Ceux qui défendent l’élargissement toujours plus poussé de l’interdiction du foulard islamique, ceux qui justifient que des chefs d’établissement sortent le décamètre pour mesurer la longueur des jupes ou la largeur des pantalons des jeunes élèves qu’ils supposent musulmanes, ceux qui traquent les barbes longues qui ne relèvent pas de la mode hipster, alimentent tous à leur manière ce désir d’invisibilité des Musulmans. Les terroristes de Christchurch ne supportaient probablement pas plus la visibilité des personnes basanées, ni celles des mosquées de cette paisible ville de Nouvelle-Zélande : c’est à mon avis là ce qui lie le plus les auteurs de ce massacre aux tares du débat public français à l’égard des Musulmans. Ils partageaient eux aussi ce désir de rendre les Musulmans invisibles, ils ont simplement choisi de recourir à un moyen définitif plutôt que de quémander aux autorités publiques un moratoire sur la construction des mosquées, l’interdiction des minarets, ou l’interdiction des signes ostentatoires de religiosité, car ils savent que morts et enterrés ils ne seront plus visibles.

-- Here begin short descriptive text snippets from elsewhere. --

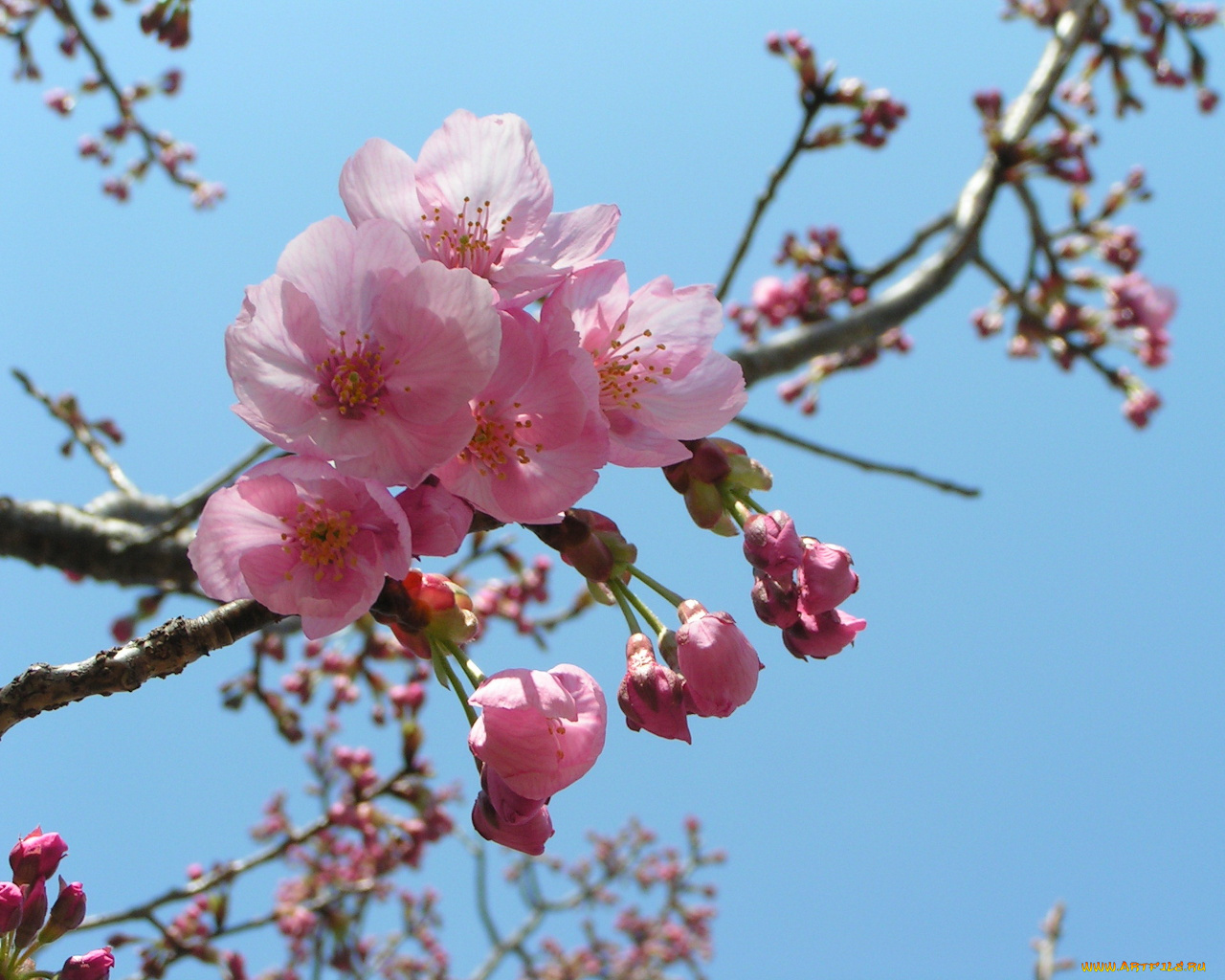 цветы, цветущие, деревья, кустарники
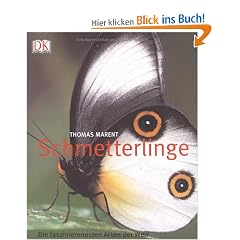 Schmetterlinge: Die faszinierendsten Arten der Welt
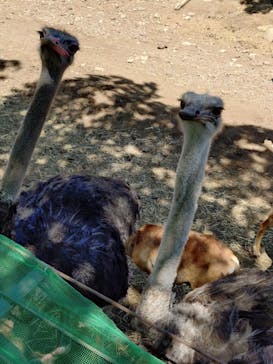 伊豆アニマルキングダムに投稿された画像（2025/9/30）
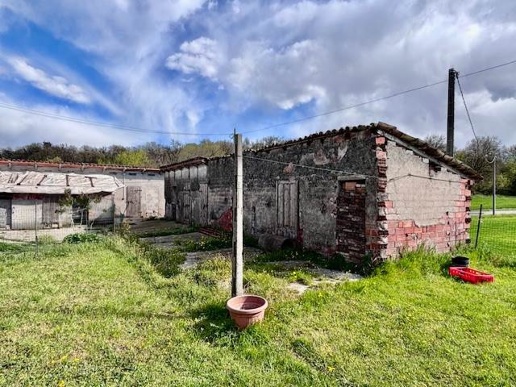 immagine annuncio 6 di 14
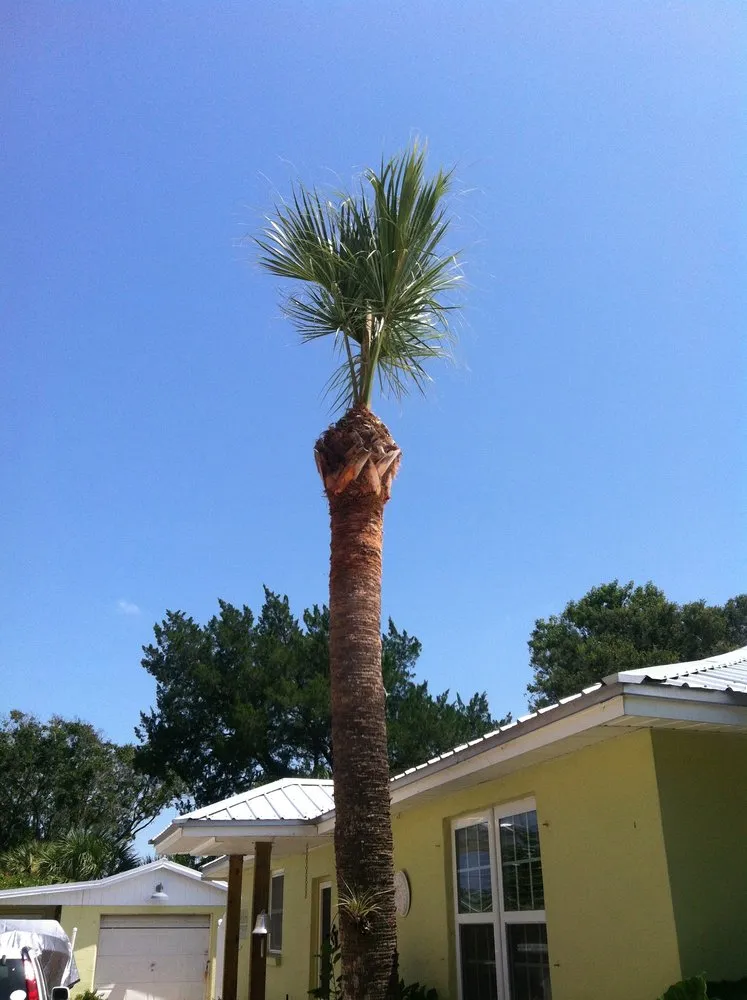 Reliable yard maintenance for year-round maintenance in Jacksonville, FL by J & K Tree & Land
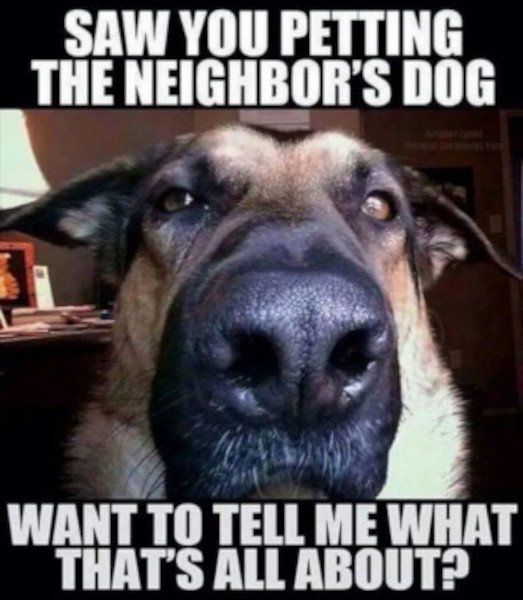 scaled_vna_petting_the_neighbors_dog.jpg
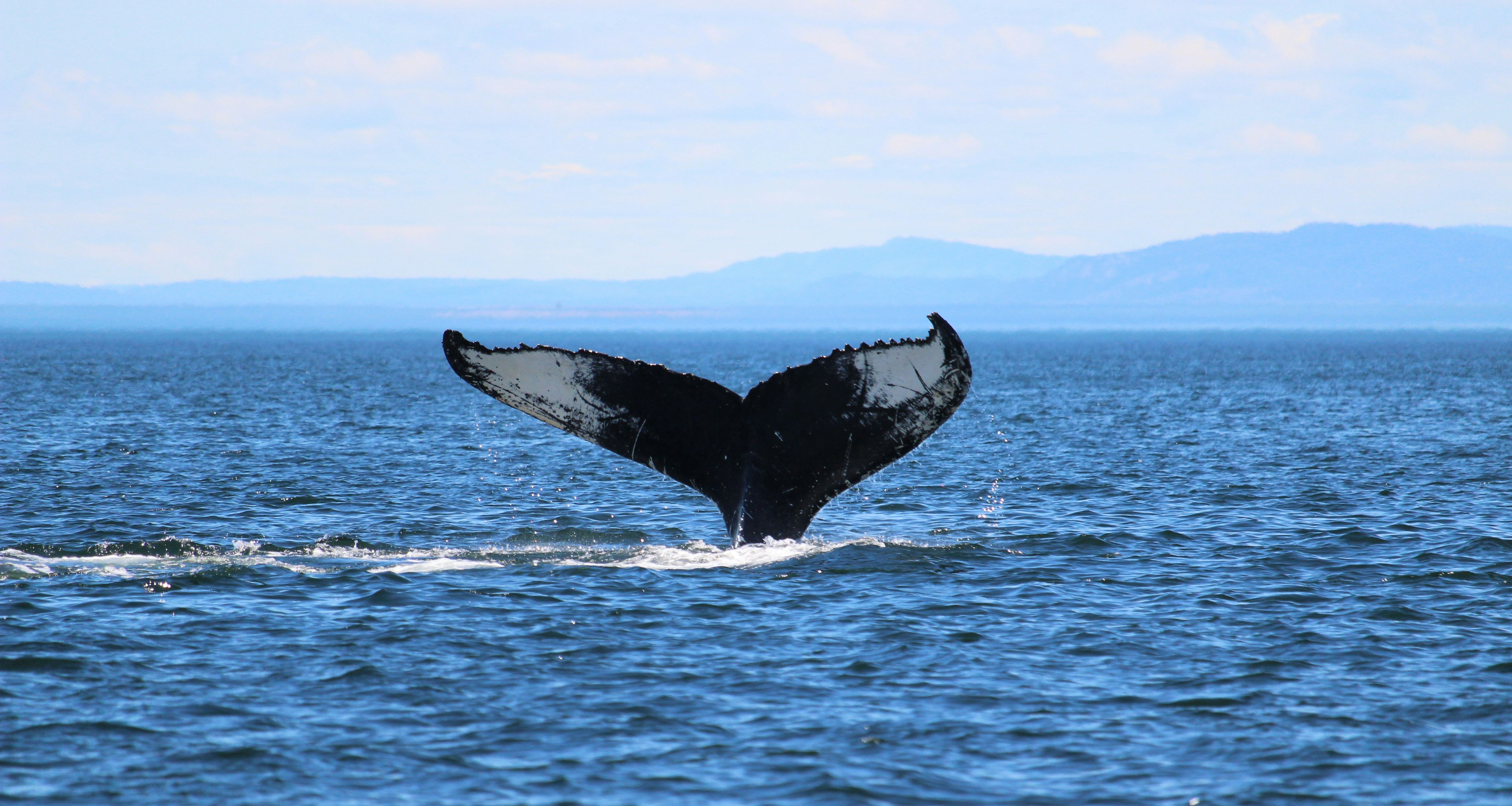 Amerika-walvis-spotten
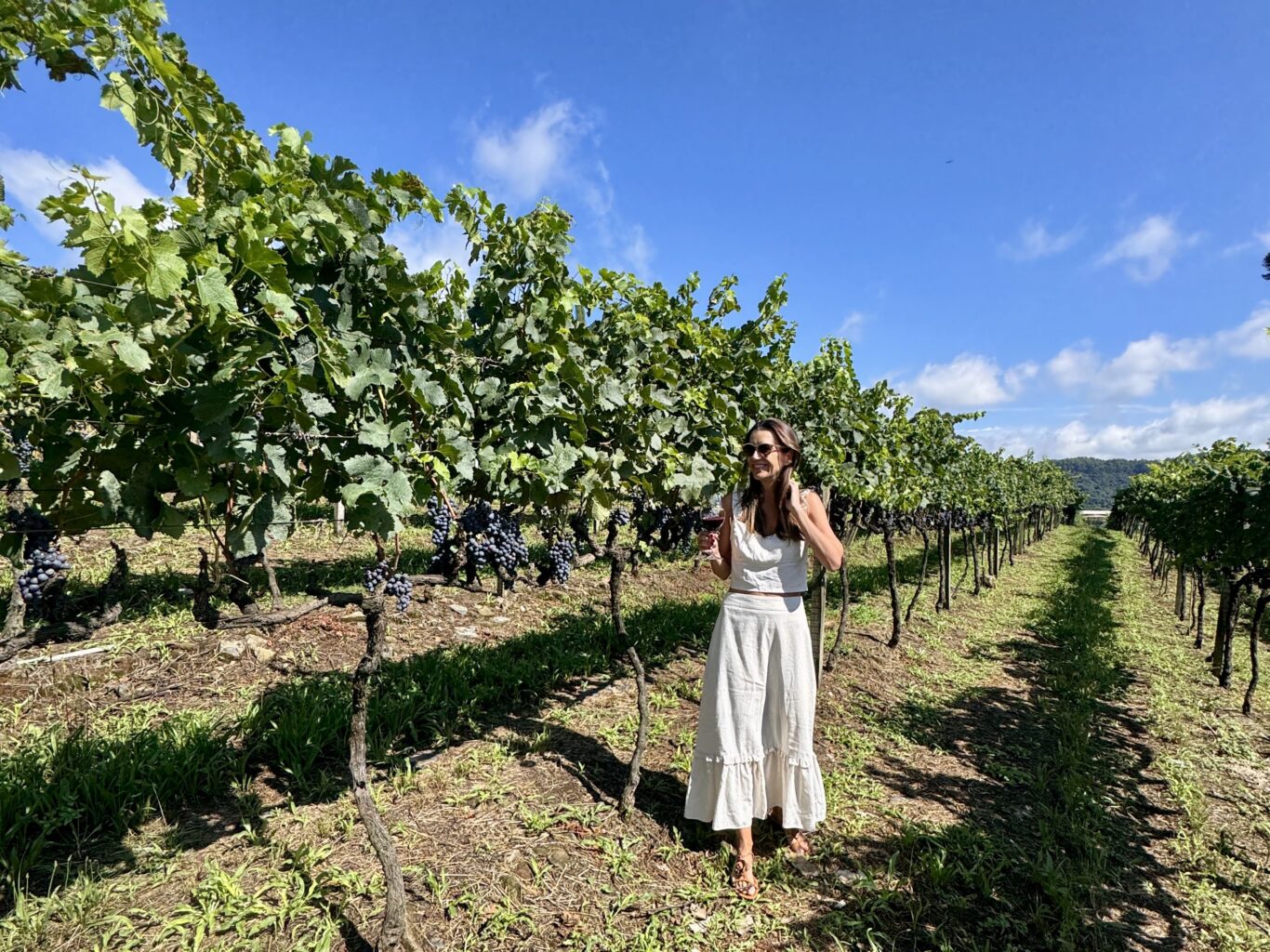 enoturismo no Vale dos Vinhedos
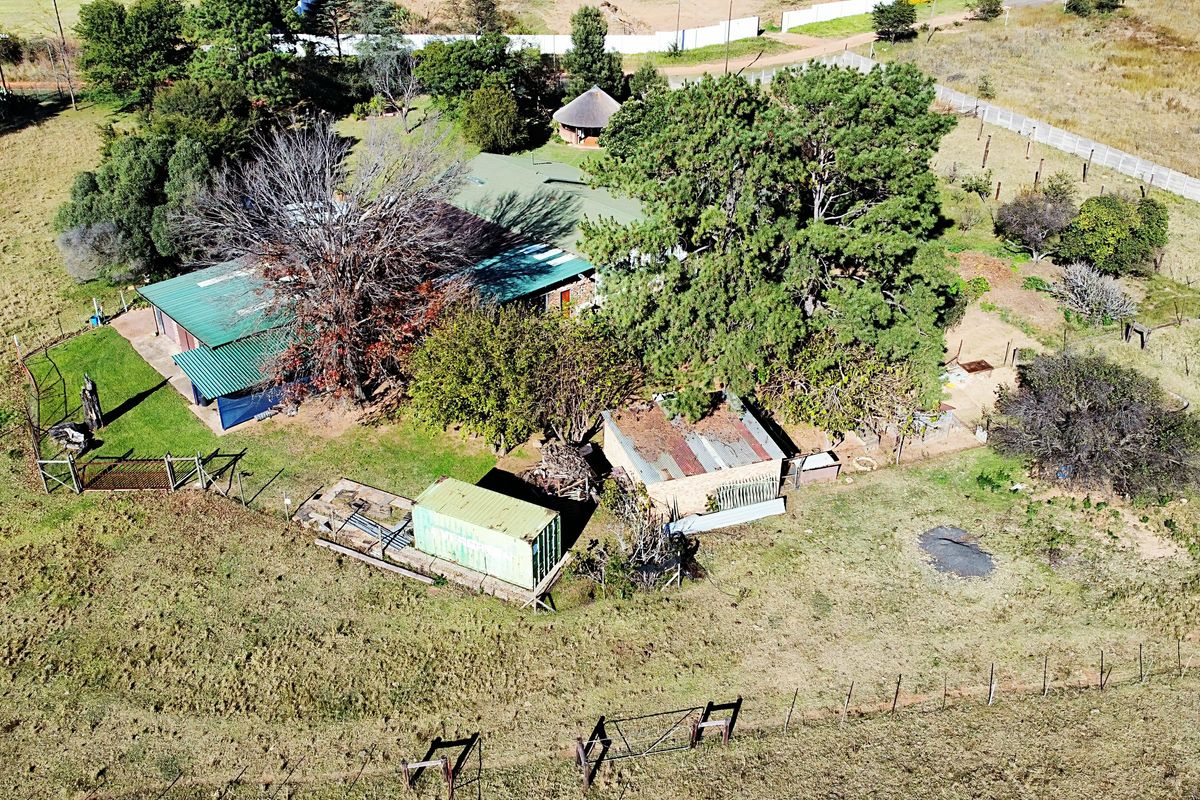 PREMIER COUNTRY ESTATE & AGRI-OPPORTUNITY - Photo 5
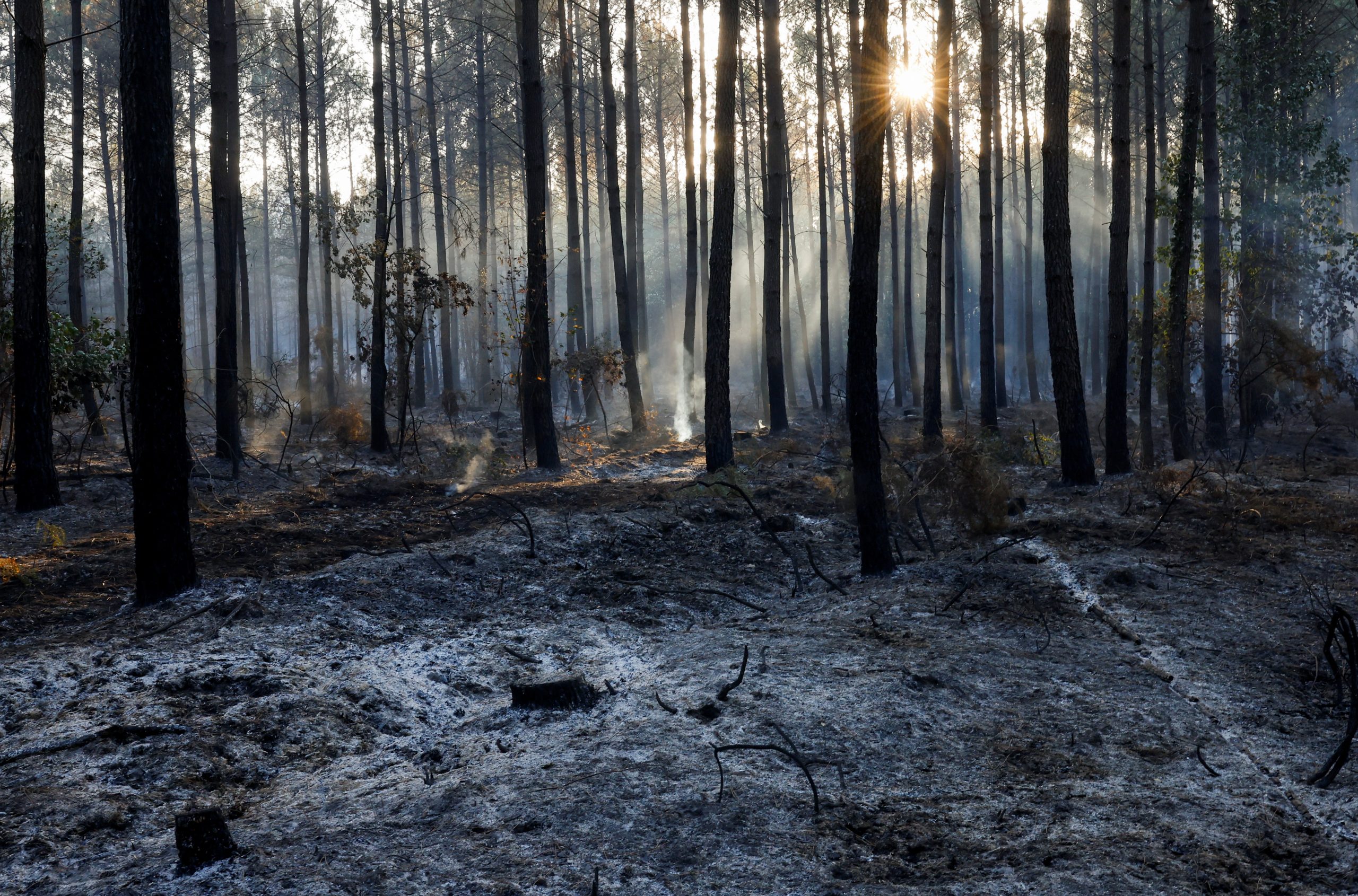 France halts spread of “monster” wildfire, reopens highway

Ce qu’il nous faut, en France comme ailleurs, c’est une véritable stratégie politique d’éducation à la différence, pour qu'on apprenne à nos jeunes enfants comme aux adultes à l’accepter avec fraternité et respect. Et ce, afin que tous ceux qui sont différents n’aient plus peur d’être visibles, et que ceux qui en sont témoins ne prennent pas cette différence pour une agression. Ce n’est que lorsque les homosexuels, les hommes portant une kippa, les femmes portant librement un foulard et tous ceux qui sont différents pourront vivre pleinement sans qu'on leur enjoigne (directement ou indirectement) à être comme tout le monde ou à se cacher, qu'on pourra dire que la France est un exemple de société plurielle et apaisée. Nous en sommes malheureusement encore loin, et force est de reconnaître que notre pays est à ce sujet un bien triste phare pour le reste du monde.